■ What is required ■
The data below should be transcribed in full, with no picture included.

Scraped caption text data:
____________

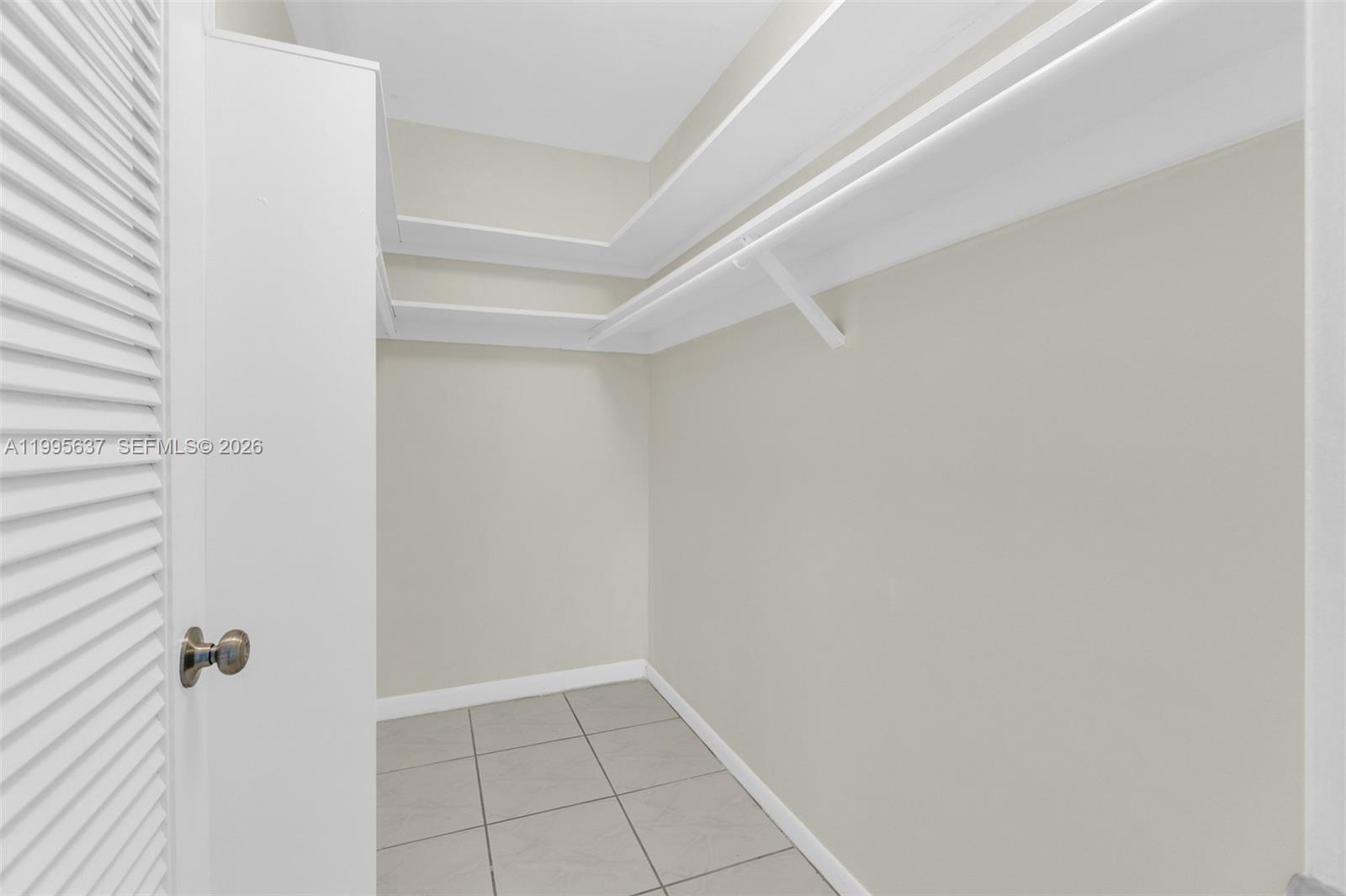 CORAL SPRINGS VILLAGE GRE - Residential Lease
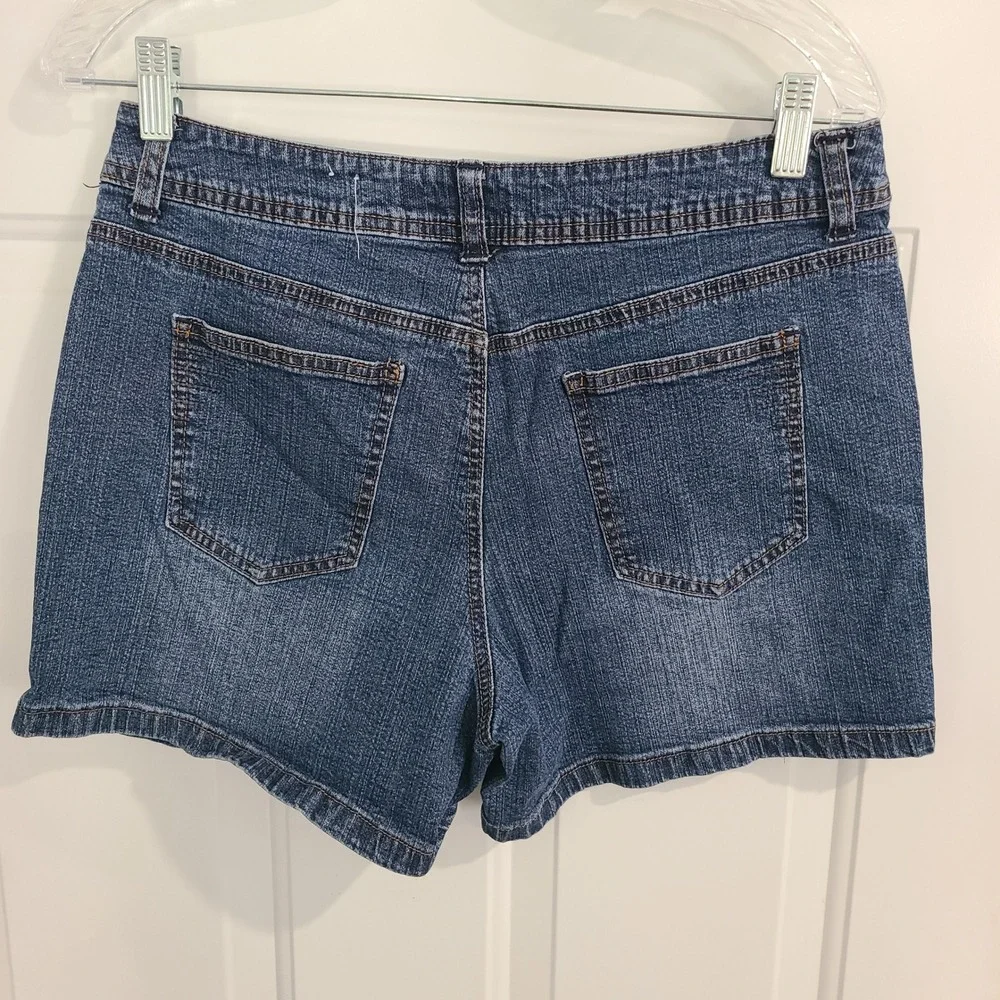 St Johns Bay Stretch Blue Denim Shorts Womens Size 10 Mid Rise Medium Wash 5 Pkt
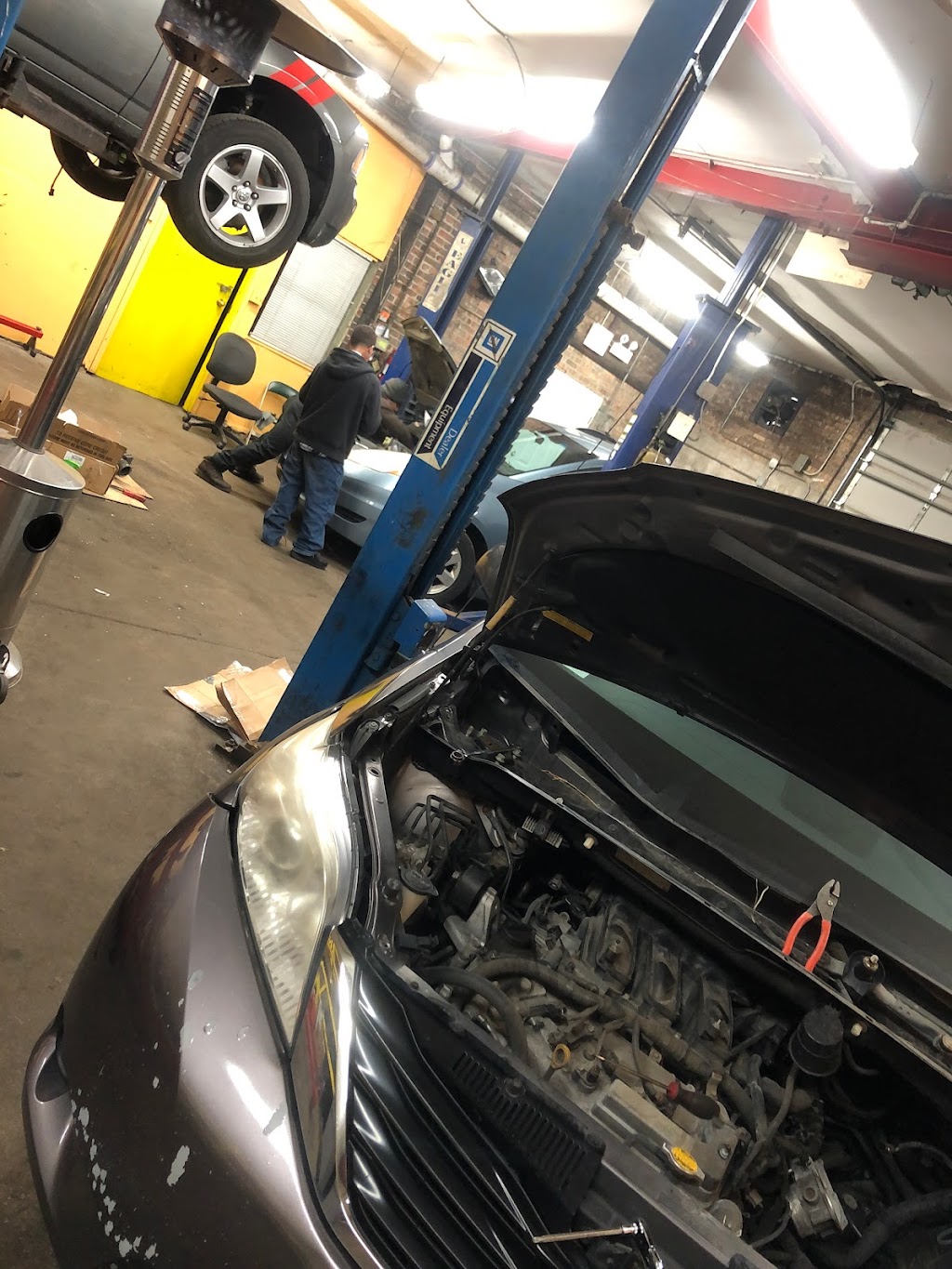 Tinos Auto Repair | 5738 W 26th St, Cicero, IL 60804 | Phone: (708) 982-3944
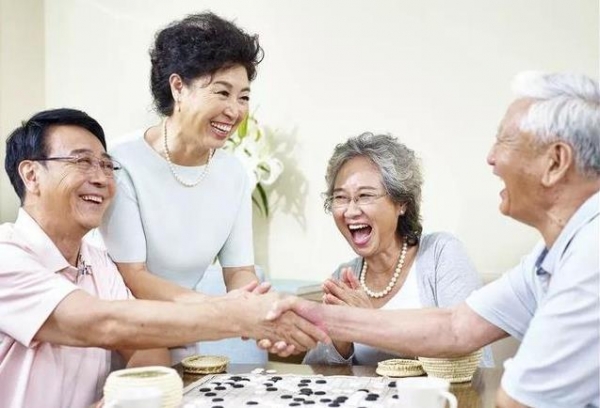 人過50歲，學會富養自己：把自己活好，是子女莫大的福氣！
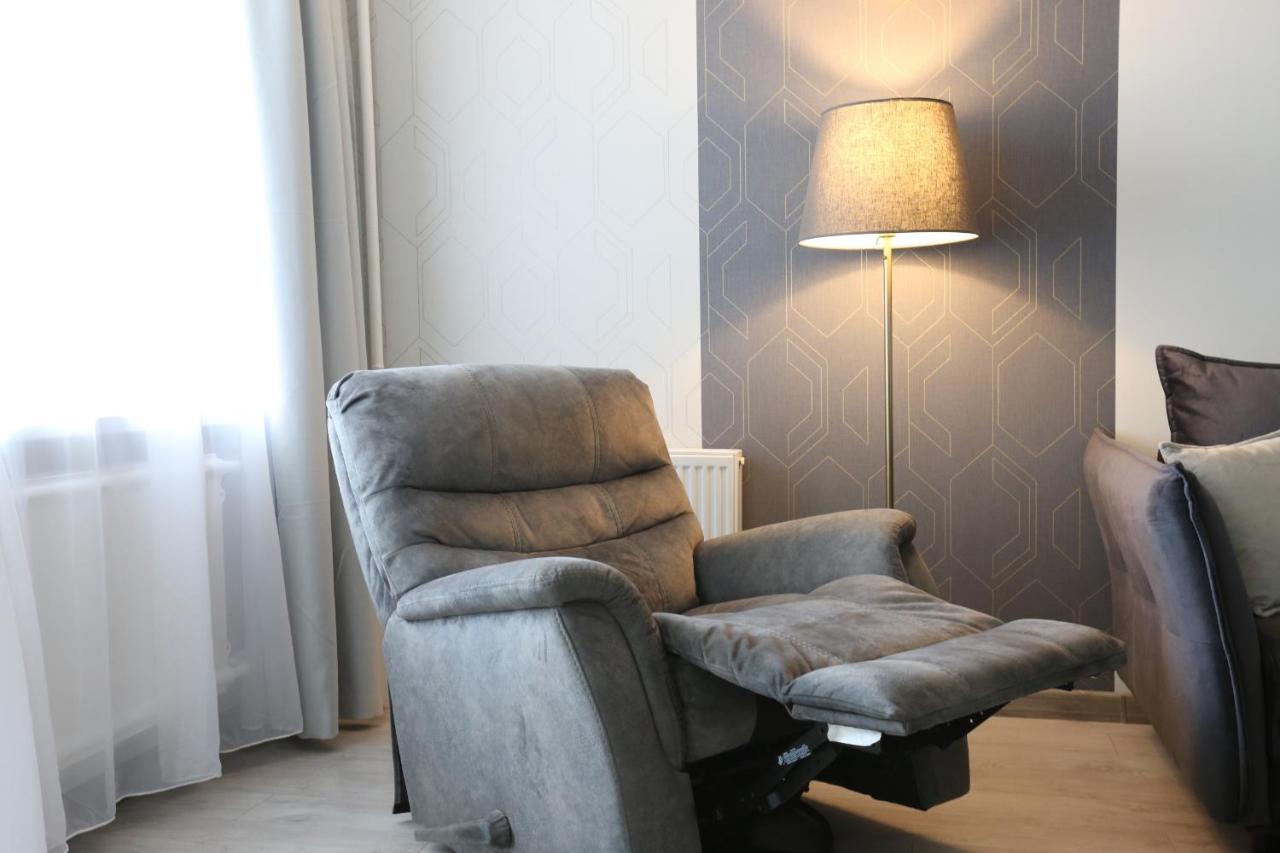 Comfy 2 Room Apartment - Free Parking - 350Mbps Wifi - Netflix Kaunas Esterno foto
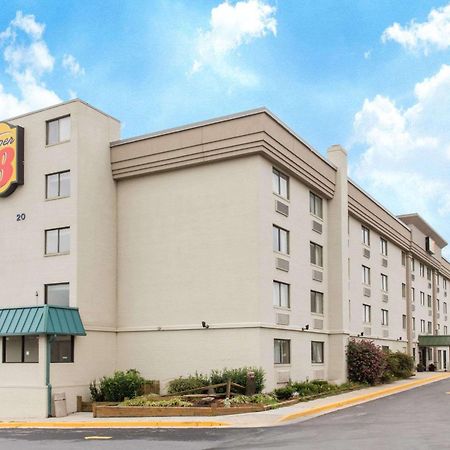 Super 8 By Wyndham Frederick Hotel Luaran gambar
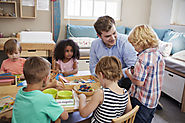 5 Differences Between Montessori & Traditional School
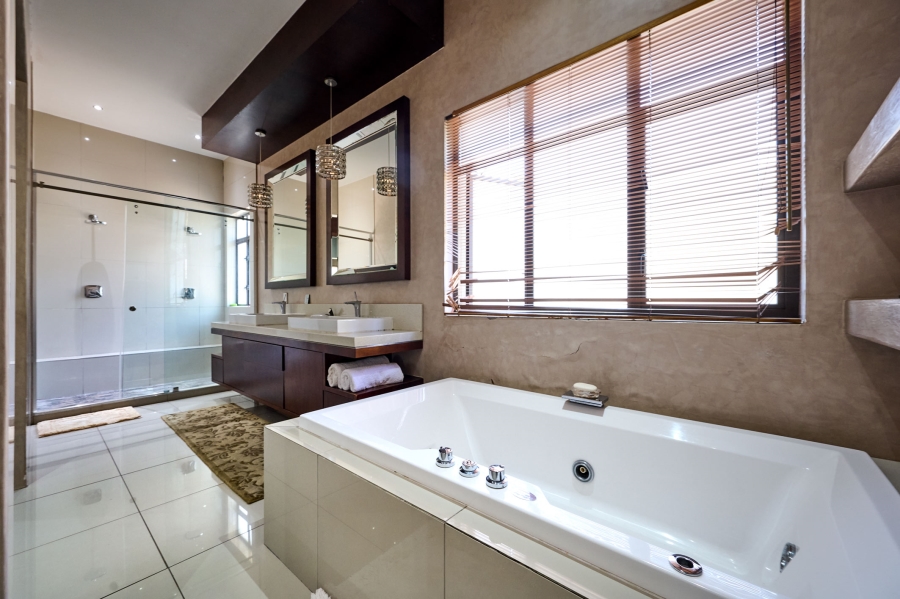 6 Bedroom Property for Sale in Khyber Rock Gauteng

____________

■ Completed exercise ■
 CORAL SPRINGS VILLAGE GRE - Residential Lease
 St Johns Bay Stretch Blue Denim Shorts Womens Size 10 Mid Rise Medium Wash 5 Pkt
 Tinos Auto Repair | 5738 W 26th St, Cicero, IL 60804 | Phone: (708) 982-3944
 人過50歲，學會富養自己：把自己活好，是子女莫大的福氣！
 Comfy 2 Room Apartment - Free Parking - 350Mbps Wifi - Netflix Kaunas Esterno foto
 Super 8 By Wyndham Frederick Hotel Luaran gambar
 5 Differences Between Montessori & Traditional School
 6 Bedroom Property for Sale in Khyber Rock Gauteng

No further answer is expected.